# To do
Lines to return, exactly: from the line with "Now, I'm going" to the line with "But what's important" in the entries below, both included.
Data shown START
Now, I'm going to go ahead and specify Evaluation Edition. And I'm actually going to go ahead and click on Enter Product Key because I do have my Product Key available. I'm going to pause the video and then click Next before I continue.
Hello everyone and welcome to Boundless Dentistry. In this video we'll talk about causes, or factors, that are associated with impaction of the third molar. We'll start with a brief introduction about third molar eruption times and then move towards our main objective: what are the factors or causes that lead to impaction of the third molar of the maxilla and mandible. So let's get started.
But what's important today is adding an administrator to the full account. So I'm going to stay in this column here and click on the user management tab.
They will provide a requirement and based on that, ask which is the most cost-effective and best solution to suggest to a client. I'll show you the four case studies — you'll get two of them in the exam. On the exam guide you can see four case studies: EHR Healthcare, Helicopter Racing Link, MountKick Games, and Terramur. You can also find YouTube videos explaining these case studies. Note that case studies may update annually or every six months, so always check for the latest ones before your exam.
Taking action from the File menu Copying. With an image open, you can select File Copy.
Data shown END
Data shown START
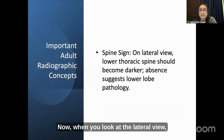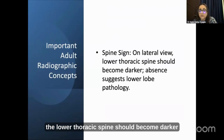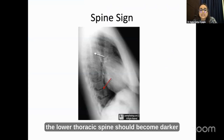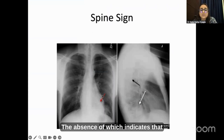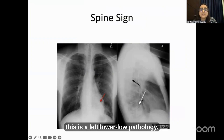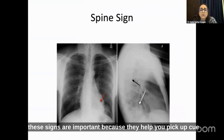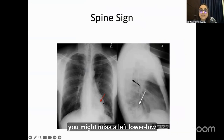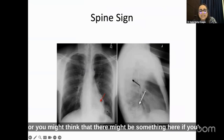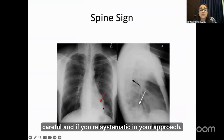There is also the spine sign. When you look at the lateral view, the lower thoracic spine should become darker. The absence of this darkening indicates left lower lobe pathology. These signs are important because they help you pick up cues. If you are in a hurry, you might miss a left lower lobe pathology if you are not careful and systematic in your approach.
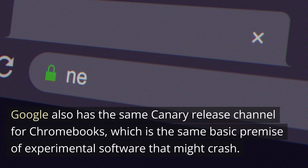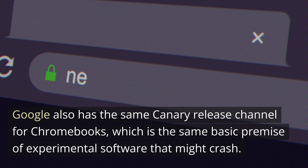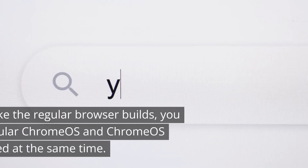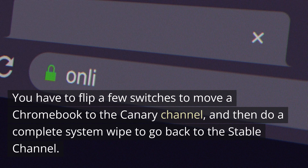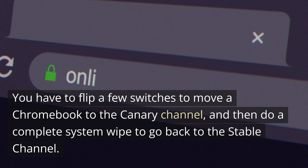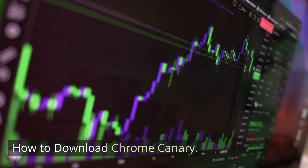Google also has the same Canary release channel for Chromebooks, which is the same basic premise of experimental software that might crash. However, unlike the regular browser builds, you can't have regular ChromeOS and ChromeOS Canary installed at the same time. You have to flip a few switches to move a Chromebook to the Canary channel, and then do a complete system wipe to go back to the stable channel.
Data shown END
# Solution
Now, I'm going to go ahead and specify Evaluation Edition. And I'm actually going to go ahead and click on Enter Product Key because I do have my Product Key available. I'm going to pause the video and then click Next before I continue.
Hello everyone and welcome to Boundless Dentistry. In this video we'll talk about causes, or factors, that are associated with impaction of the third molar. We'll start with a brief introduction about third molar eruption times and then move towards our main objective: what are the factors or causes that lead to impaction of the third molar of the maxilla and mandible. So let's get started.
But what's important today is adding an administrator to the full account. So I'm going to stay in this column here and click on the user management tab.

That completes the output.